Former Colombian president Alvaro Uribe defended himself on Thursday before lawmakers mulling a probe on whether he ordered Colombia’s intelligence service to spy on judges, opposition politicians and journalists.
Uribe, who described his voluntary presentation as an “open declaration” and did not testify under oath, told a congressional panel he felt unjustly accused in the press of illegal wiretapping and other abuses.
He vehemently denied threatening reporters and non-governmental organizations, and gave a detailed account of his administration’s support for Colombia’s judges, saying it was at odds with claims that he bullied the justices and wiretapped telephones.
Colombia’s intelligence service (DAS), which reports directly to the president, allegedly carried out the illegal spying under direct orders from Uribe and his then-chief of staff Bernardo Moreno.
A judge ordered Moreno -arrested late last month. Former DAS chief Maria del Pilar Hurtado fled to Panama last year ahead of an arrest warrant and is seeking asylum.
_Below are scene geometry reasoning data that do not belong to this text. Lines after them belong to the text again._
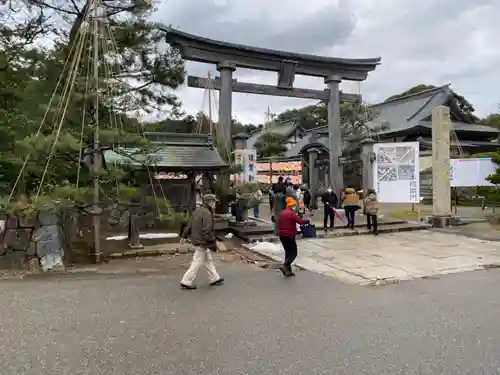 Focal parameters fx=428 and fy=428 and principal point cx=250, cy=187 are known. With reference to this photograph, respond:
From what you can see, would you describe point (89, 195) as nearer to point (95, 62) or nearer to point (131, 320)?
point (95, 62)

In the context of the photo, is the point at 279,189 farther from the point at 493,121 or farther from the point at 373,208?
the point at 493,121

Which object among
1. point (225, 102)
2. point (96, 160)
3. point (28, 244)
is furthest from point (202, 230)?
point (225, 102)

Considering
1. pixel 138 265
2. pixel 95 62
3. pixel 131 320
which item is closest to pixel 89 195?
pixel 138 265

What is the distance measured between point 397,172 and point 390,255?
5.87 meters

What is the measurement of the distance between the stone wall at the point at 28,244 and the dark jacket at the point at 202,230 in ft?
10.3

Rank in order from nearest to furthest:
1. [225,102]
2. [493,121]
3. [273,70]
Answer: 1. [225,102]
2. [273,70]
3. [493,121]

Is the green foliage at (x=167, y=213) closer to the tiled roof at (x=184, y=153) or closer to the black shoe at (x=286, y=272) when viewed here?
the tiled roof at (x=184, y=153)

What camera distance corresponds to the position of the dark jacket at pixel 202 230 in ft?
23.9

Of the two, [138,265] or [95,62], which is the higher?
[95,62]

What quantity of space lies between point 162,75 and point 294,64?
5.74 meters

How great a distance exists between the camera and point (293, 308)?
5.85 m

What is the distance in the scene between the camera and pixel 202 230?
7.30 meters

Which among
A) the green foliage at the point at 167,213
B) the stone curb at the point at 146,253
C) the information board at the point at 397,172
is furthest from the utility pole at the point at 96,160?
the information board at the point at 397,172

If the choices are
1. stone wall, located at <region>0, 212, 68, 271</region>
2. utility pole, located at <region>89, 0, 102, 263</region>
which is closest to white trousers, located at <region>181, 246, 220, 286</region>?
stone wall, located at <region>0, 212, 68, 271</region> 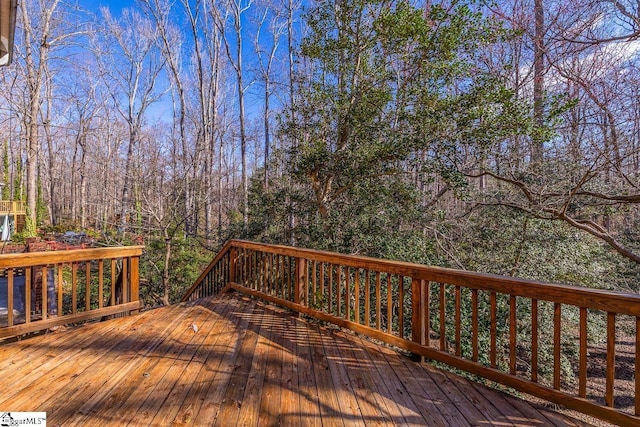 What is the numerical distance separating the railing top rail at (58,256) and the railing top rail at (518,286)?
2412 mm

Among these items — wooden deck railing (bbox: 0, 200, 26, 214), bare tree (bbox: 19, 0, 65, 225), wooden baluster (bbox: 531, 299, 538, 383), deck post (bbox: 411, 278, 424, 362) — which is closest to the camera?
wooden baluster (bbox: 531, 299, 538, 383)

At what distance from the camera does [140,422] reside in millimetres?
1786

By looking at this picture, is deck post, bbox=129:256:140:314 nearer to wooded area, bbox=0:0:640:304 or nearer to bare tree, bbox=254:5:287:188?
wooded area, bbox=0:0:640:304

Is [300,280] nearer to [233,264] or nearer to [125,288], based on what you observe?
[233,264]

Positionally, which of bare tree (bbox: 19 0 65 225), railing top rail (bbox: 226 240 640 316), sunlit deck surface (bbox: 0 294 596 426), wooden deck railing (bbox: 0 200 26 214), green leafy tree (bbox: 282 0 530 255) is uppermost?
bare tree (bbox: 19 0 65 225)

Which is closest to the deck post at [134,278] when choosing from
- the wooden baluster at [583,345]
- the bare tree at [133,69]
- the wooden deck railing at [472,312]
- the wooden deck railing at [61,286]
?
the wooden deck railing at [61,286]

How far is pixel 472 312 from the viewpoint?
2402mm

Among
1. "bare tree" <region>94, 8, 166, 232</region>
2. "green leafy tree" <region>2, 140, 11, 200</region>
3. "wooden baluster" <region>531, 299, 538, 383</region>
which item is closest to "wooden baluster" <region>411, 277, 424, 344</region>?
"wooden baluster" <region>531, 299, 538, 383</region>

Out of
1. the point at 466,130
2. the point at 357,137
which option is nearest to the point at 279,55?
the point at 357,137

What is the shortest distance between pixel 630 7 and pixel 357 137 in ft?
12.7

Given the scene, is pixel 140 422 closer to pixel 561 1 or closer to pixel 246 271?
pixel 246 271

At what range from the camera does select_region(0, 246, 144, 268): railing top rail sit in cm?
286

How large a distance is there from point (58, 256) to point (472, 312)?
12.5 ft

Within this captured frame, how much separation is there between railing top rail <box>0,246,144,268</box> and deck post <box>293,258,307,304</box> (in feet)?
6.24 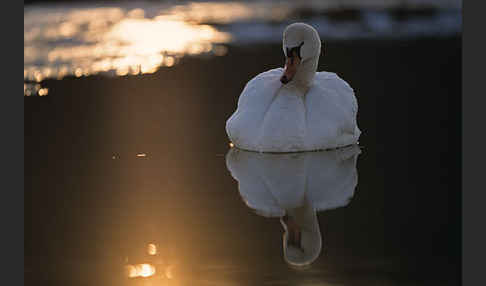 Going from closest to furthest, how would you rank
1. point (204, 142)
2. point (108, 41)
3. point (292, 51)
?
point (292, 51) → point (204, 142) → point (108, 41)

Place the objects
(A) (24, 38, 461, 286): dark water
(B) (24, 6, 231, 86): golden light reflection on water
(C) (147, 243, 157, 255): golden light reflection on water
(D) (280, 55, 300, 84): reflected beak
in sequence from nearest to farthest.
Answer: (A) (24, 38, 461, 286): dark water, (C) (147, 243, 157, 255): golden light reflection on water, (D) (280, 55, 300, 84): reflected beak, (B) (24, 6, 231, 86): golden light reflection on water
“My government publicly disagreed with some journalists, but never acted in any other way that was not giving them protection,” Uribe said. “Never, but never, had it crossed my mind to order the persecution of a journalist or an NGO.”
Uribe’s defense came less than 24 hours after Heriberto Escobar, resigned from a commission of 15 legislators charged with investigating the former president. He was the fourth member to resign.
In May, fellow legislator Camilo Abril resigned for “reasons of personal security.”
Uribe’s two terms as president ran from 2002 to August last year and ended with an 80 percent approval rating, but that has dropped to 60 percent in recent surveys. He currently holds no public office.
The committee must now decide whether to go ahead with a formal probe.